Nod :-( So, I've updated to return by value, discovered that my move constructors weren't actually moving (more care needed in calling base class constructors to prevent them from copying!), and generally added more move support throughout. Results are now: Horner polynomial case: Expression templates: 0 temporaries. Move semantics: 0 temporaries! This isn't quite as good as it looks - in the test one temporary is created in the move case, but it gets wiped out by the move constructor. So were we assigning to an already constructed variable these two cases would differ by one temporary. Oh, and I'm using allocations as a proxy measurement for temporaries, but in reality we are creating temporaries in the move case (lot's of them), they just don't need to allocate.

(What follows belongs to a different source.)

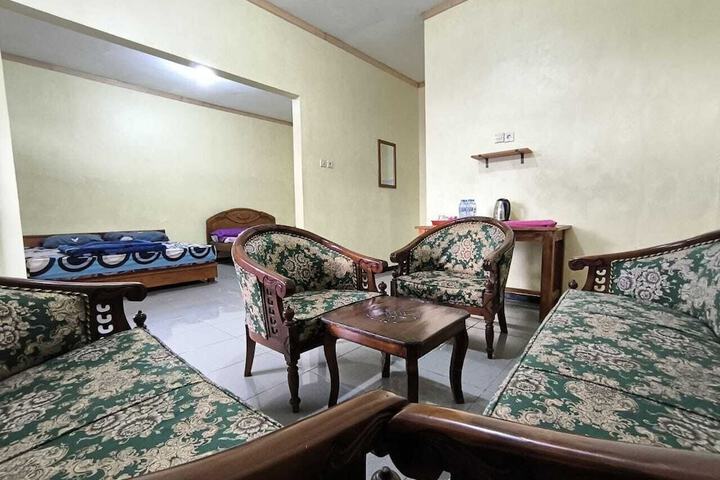 Room 10 of 15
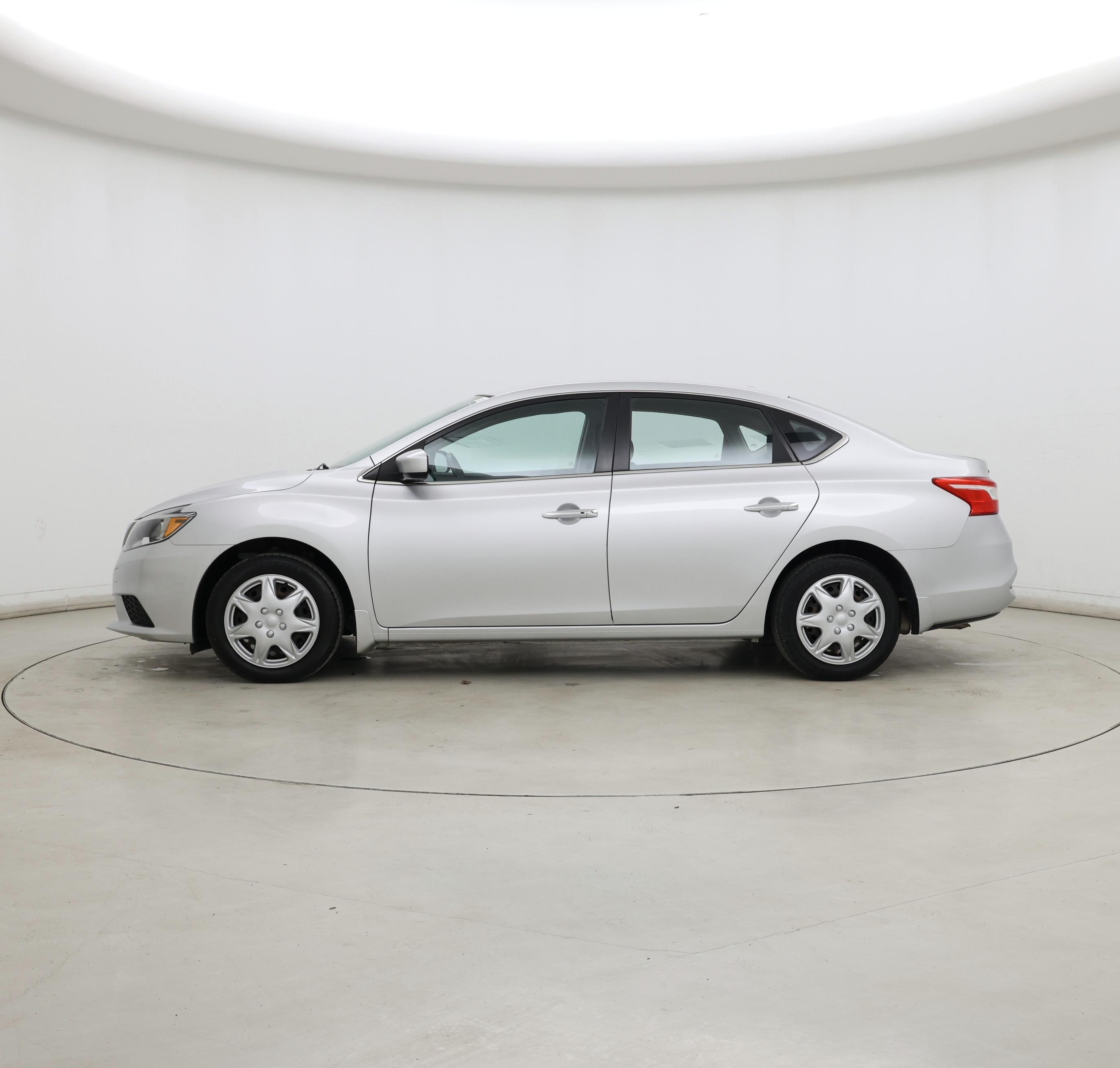 Thumbnail: 2017 Nissan Sentra - 3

Bessel function test: Time for mpf_float_50 = 4.96608 seconds Total allocations for mpf_float_50 = 2592537 Time for mpf_float_50 (no expression templates = 5.2808 seconds Total allocations for mpf_float_50 (no expression templates = 4174720 And again with BOOST_NO_RVALUE_REFERENCES defined: Time for mpf_float_50 = 5.20759 seconds Total allocations for mpf_float_50 = 2594441 Time for mpf_float_50 (no expression templates = 6.10358 seconds Total allocations for mpf_float_50 (no expression templates = 6498034 So basically, the rvalue ref no-ET code does as well as the no-rvalue expression template code, except of course turning on rvalue ref support helps the ET code as well, so ET's still win overall - in other words as you might expect, best performance comes from having both. Hope that makes sense, John.